You can do it in a single command line but it's a bit involved if you're not fairly well-versed in Vim. (You could also record a macro to do it but I prefer this approach.)
:let idx=0 | g/img1\.gif/ let idx += 1 | s//\='img' . idx . '.gif'/
We have two commands here, separated by
|. The first,
let idx=0 is simple enough: it just initializes a counter variable to 0.
The rest is all one
g[lobal] command. This command searches for the pattern that is between the two
/ delimiters and for each match found the command or
|-separated commands that follow it will be executed. In this case we have two such commands...
The first simply increments our counter.
The second is the well-known substitution command but with a couple twists.
- We don't specify a pattern. That means we reuse the pattern that follows
- The replacement part uses what's known as a sub-replace expression. This allows us to use a dynamic replacement that includes our incrementing counter.
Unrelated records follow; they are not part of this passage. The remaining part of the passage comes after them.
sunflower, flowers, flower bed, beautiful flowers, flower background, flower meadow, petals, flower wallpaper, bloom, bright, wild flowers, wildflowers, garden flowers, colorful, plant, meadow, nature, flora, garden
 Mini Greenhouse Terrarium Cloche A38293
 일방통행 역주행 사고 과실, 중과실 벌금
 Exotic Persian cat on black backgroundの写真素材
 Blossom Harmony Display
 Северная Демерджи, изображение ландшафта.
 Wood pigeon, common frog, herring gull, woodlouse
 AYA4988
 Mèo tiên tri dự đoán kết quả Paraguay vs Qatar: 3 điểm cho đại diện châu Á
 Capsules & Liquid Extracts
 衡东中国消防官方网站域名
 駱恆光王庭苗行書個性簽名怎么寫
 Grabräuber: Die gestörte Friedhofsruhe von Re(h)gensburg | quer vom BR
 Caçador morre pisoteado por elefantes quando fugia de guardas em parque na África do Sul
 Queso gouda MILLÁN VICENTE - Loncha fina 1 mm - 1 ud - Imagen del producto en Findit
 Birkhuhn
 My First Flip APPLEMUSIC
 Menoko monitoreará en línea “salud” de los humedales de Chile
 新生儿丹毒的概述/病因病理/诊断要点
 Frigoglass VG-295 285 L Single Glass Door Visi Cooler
A sub-replace expression is denoted by starting the replacement section with
\=. Everything that follows that is evaluated as a Vim expression. The result of that evaluation becomes the replacement text. In this case our expression is the concatenation of two static strings and the counter variable:
'img' . idx . '.gif'. So if the counter is equal to 3 during an iteration the resulting replacement string is
If you'd like to learn more I have an answer that does a fairly deep dive into this useful feature.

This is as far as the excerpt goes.